Repeat the records below exactly, beginning at the first line and finishing with the line that contains "Pink Daily Wear".

-------- Records shown

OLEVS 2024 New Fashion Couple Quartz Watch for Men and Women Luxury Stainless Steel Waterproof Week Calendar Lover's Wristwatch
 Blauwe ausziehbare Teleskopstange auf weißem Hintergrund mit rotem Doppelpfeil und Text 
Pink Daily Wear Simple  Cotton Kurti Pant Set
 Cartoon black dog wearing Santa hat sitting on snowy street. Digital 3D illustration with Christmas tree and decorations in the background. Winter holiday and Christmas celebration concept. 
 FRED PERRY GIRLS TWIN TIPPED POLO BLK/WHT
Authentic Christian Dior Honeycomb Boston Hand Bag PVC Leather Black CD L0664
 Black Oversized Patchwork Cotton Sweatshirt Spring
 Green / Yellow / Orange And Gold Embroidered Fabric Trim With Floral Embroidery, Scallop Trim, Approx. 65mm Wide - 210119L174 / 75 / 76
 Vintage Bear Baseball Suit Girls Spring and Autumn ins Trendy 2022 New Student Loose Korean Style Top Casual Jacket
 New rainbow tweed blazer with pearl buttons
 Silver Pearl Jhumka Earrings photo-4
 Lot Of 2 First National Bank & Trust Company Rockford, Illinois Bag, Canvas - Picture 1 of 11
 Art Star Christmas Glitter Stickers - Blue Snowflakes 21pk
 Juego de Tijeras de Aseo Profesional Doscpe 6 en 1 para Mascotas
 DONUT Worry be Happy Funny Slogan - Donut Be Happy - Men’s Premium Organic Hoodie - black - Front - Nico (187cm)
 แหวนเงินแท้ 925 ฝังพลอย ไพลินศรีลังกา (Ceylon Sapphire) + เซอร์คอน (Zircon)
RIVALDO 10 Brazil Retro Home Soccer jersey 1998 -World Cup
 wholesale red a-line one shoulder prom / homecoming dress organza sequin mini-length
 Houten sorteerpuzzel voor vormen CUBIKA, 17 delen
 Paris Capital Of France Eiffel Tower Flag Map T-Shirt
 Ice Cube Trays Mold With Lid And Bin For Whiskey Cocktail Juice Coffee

----------------

#### Written answer:
OLEVS 2024 New Fashion Couple Quartz Watch for Men and Women Luxury Stainless Steel Waterproof Week Calendar Lover's Wristwatch
 Blauwe ausziehbare Teleskopstange auf weißem Hintergrund mit rotem Doppelpfeil und Text 
Pink Daily Wear Simple  Cotton Kurti Pant Set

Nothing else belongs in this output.